Recuerdo al gobernador que llenó sus bolsillos con millones y creyó que podía comprarlo todo: jueces, periodistas, conciencias. Hoy lo veo en fotografías: su mirada es un pozo vacío, su cuerpo apenas un cascarón con el que la enfermedad juega como el viento con una hoja seca. He visto a jueces que dictaron sentencias injustas morir solos, temblando, con la lengua hinchada de rabia y miedo. He visto a los que mandaron matar suplicarle a un dios que nunca escucharon, cuando la muerte, paciente, toca a su puerta.

Los poderosos creen que sus crímenes son olvidados, que la justicia es solo un juego que se gana con billetes. Pero la vida no olvida. La historia tampoco. Y aunque sus estatuas sigan en pie, aunque sus nombres sigan adornando calles y hospitales, en algún rincón del universo su deuda sigue acumulando intereses. Y el cobrador siempre llega.

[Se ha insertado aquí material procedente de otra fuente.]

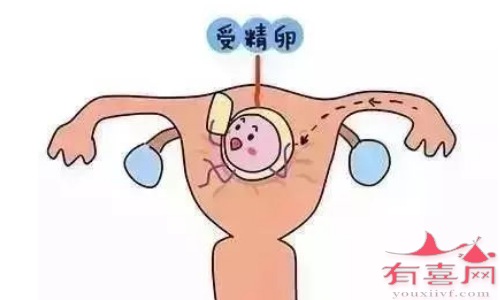 子宫内膜炎主要有什么危害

Al final, el poder es solo un espejismo. Un reinado de arena que el tiempo borra sin piedad. La verdadera justicia no está en los tribunales ni en las cárceles. Está en la vida misma, en esa mano invisible que, sin prisa pero sin pausa, acomoda las cuentas. Y cuando llega la hora, no hay soborno, juez amigo ni poder terrenal que impida el ajuste.

Que los poderosos sigan creyendo que son intocables. Nosotros, los que hemos visto lo suficiente, sabemos la verdad. Y la verdad es implacable.